Buhung Labbua di Bontotiro Bulukumba: Mata air abadi dari tongkat Dato ri Tiro

- 5 Mei 2023, 15:59 WIB
Buhung Labbua atau Permandian Hila Hila di Kecamatan Bontotiro Kabupaten Bulukumba, Sulsel.
Buhung Labbua atau Permandian Hila Hila di Kecamatan Bontotiro Kabupaten Bulukumba, Sulsel. /Darma

WartaBulukumba - Ke Timur Bulukumba di Jumat pagi, ada sinar matahari menghangatkan permukaan air kolam yang jernih. Mengalir dari mata air abadi, Buhung Labbua adalah lebih dari sekadar permandian biasa, lantaran dari sini semburat sejarah penyebaran Islam pertama kali memancar di daerah ini pada abad ke 16.

Terdengar suara riuh rendah orang-orang yang mandi, menyelam dan berenang dengan riang. Sebagian hanya terlihat duduk di area pinggir kolam, menikmati suasana yang menenangkan. Di antara para pengunjung ada yang datang dari luar Kabupaten Bulukumba, Sulsel. Terdengar dari dialek mereka saat bercakap-cakap.

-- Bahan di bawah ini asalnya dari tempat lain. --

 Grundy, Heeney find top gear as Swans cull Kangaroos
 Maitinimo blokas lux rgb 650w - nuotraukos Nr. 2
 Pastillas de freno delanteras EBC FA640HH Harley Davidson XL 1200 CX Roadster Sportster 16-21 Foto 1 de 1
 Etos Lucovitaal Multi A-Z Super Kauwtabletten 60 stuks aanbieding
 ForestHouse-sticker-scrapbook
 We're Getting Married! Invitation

Saat mata menengadah ke atas, di arah utara akan terlihat bebukit karang menjulang tinggi. Ada segaris awan putih lembut menempel di langit.  Warna alam semakin memukau. Menemui panorama indah di timur Bulukumba ini adalah juga serupa pertemuan dengan keajaiban.

Baca Juga: Menengok cahaya Islam pertama kali berpendar di Bulukumba melalui masjid tertua di selatan Sulsel

Air yang mengaliri kolam permandian Hila Hila atau Buhung Labbua adalah sebuah mata air yang tak pernah kering meskipun musim kemarau datang menyapa.

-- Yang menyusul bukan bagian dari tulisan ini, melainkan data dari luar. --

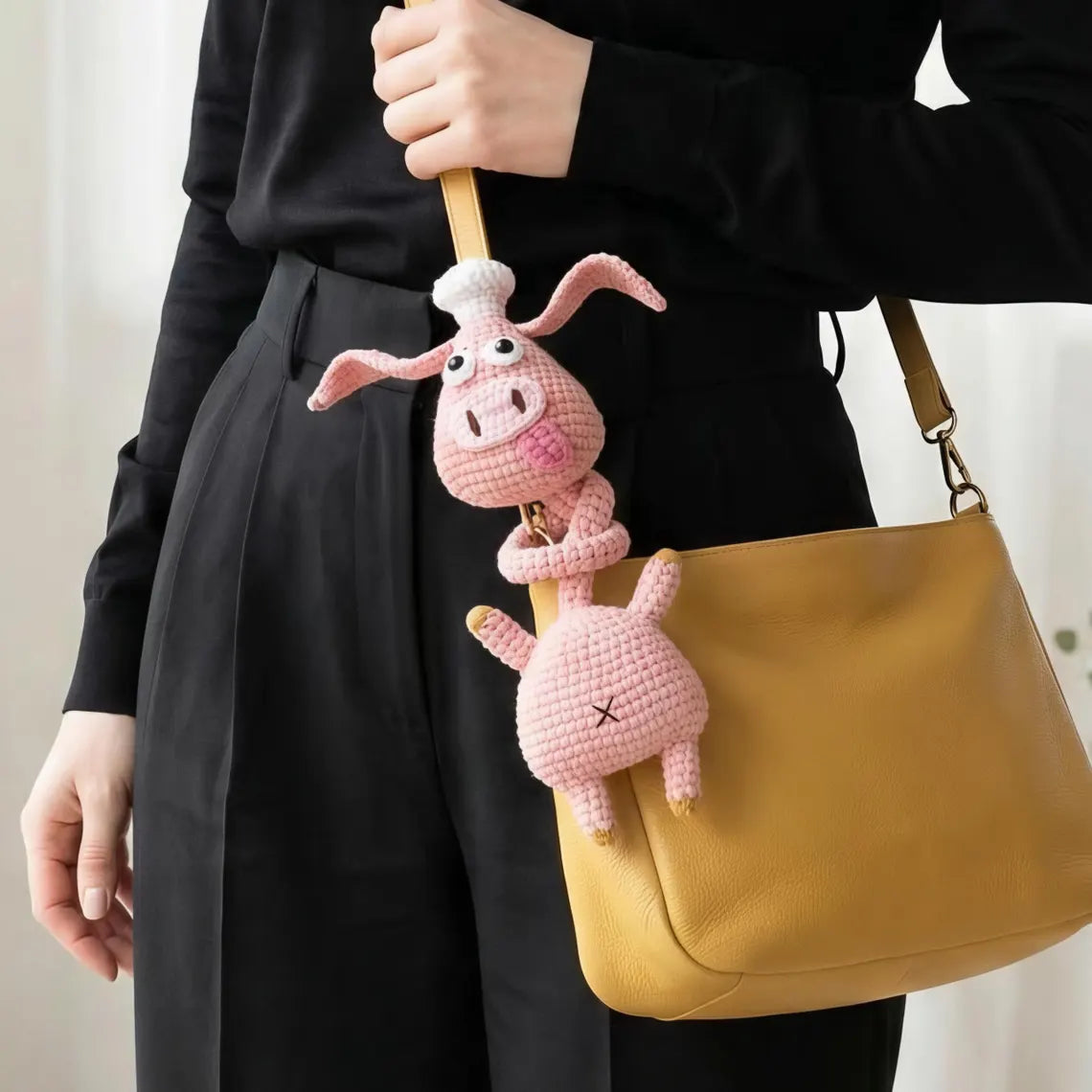 10 in 1 Long Neck Animal Bag Charm Crochet Pattern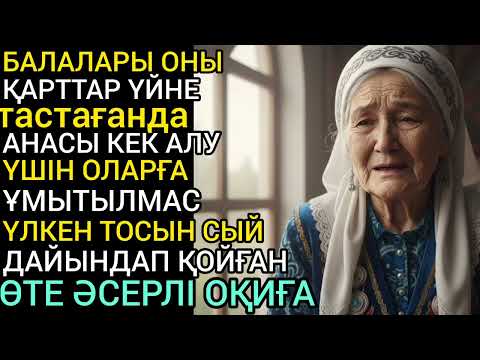 Видео: Балалары АНАСЫН ҚАРТТАР үйіне тастағанда АНАСЫ КЕК алу үшін ұмытылмас Тосынсый...#аудиокітап 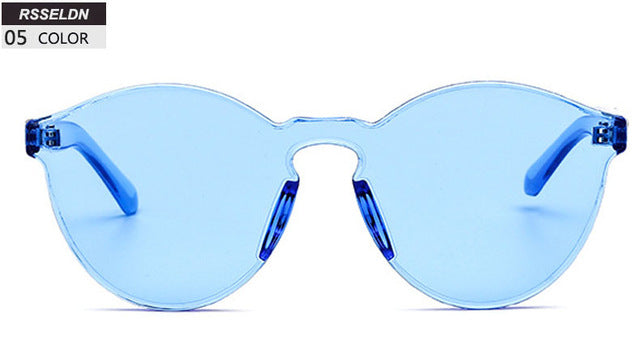 One Piece Lens Sunglasses Women Transparent Plastic Glasses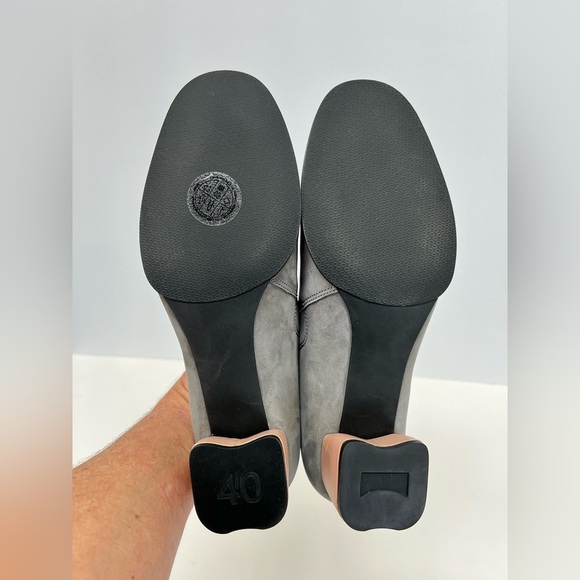 CAMPER Gray suede KATIE block heel slip on shoes size 9 - Picture 6 of 7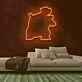 Schildkröten-Charakter Silhouette LED-Neonschild für Gamingzimmer und Kinderzimmer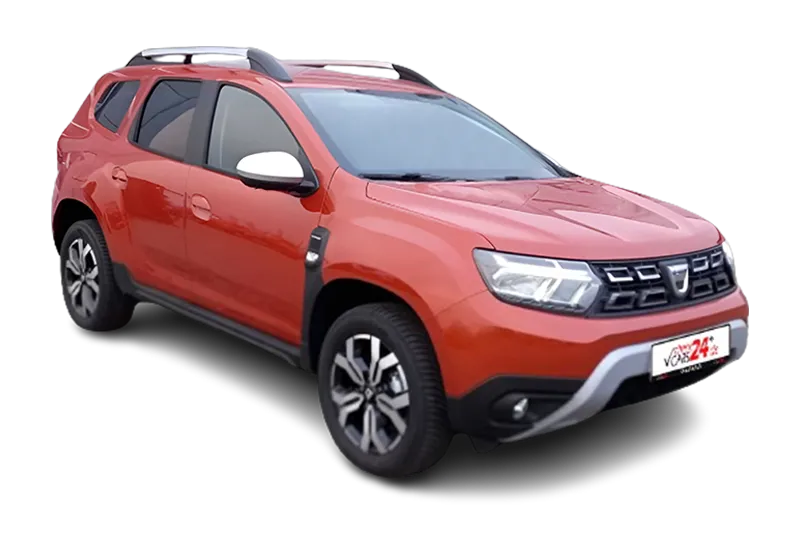 Dacia Duster Prestige 4x4 | Orange Metallic | LM 17 Zoll, Kamera, PDC, App-Connect, Navi, Keyless-Entry, SHZ, Tempomat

Mata Air Abadi yang Berasal dari Tongkat Dato ri Tiro

Menurut catatan sejarah - sebagian kalangan mengkategorikannya sebagai legenda dari tradisi cerita rakyat Bulukumba - mata air Buhung Labbua berasal dari tongkat ulama besar penyebar agama Islam pertama kali di Bulukumba masa silam, yaitu Dato ri Tiro.

Dato ri Tiro atau Datuk Tiro adalah pemilik nama asli Abdul Jawad Khatib Bungsu atau Al Maulana Khatib Bungsu yang datang menyeberangi lautan dari Minangkabau, Sumatera Barat.

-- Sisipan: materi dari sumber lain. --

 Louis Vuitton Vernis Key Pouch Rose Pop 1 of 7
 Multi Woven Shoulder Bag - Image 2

Baca Juga: Telusur Cahaya Islam sejak abad 17 dari masjid tertua di Bulukumba, Masjid Nurul Hilal Dato ri Tiro

Dato ri Tiro bersama dua orang kawannya yaitu Dato Patimang atau Khatib Sulaeman dan Dato ri Bandang atau Abdul Makmur.

Dato Patimang menyiarkan agama Islam di kerajaan Luwu dan Dato ri Bandang menyiarkan agama Islam di Kerajaan Gowa dan Tallo. Sedangkan Dato Tiro menyiarkan agama Islam di daerah Bulukumba dan sekitarnya.

Nama Dato ri Tiro kini diabadikan  di Masjid Islamic Center Dato Tiro di Kabupaten Bulukumba.

Baca Juga: Menelusuri sejarah awal masuknya Islam ke Bulukumba, ketika tasawuf bertemu mistisisme

Dato ri Tiro membangun Masjid Nurul Hilal di Bontotiro pada tahun 1605 Masehi.

 

Sebuah sumur panjang m engelilingi masjid dengan panjang sekitar 100 meter.

Suatu hari Dato ri Tiro ingin melaksanakan shalat namun tidak menemukan air suci untuk berwudhu.

Baca Juga: Masuknya Islam di Sinjai, menyibak peran penting Dato ri Tiro

Seketika Dato ri Tiro menancapkan tongkatnya ke tanah yang kemudian membentuk garis sehingga keluarlah mata air dari dalam tanah. Air menyembur dengan sangat deras hingga membentuk sungai yang kemudian dikenal saat ini dengan Buhung Labbua yang berarti 'sumur panjang'.

Masjid ini telah mengalami lima kali renovasi yakni renovasi pertama kali dilakukan pada tahun 1625, sedangkan renovasi terakhir kali dilakukan pada tahun 1998.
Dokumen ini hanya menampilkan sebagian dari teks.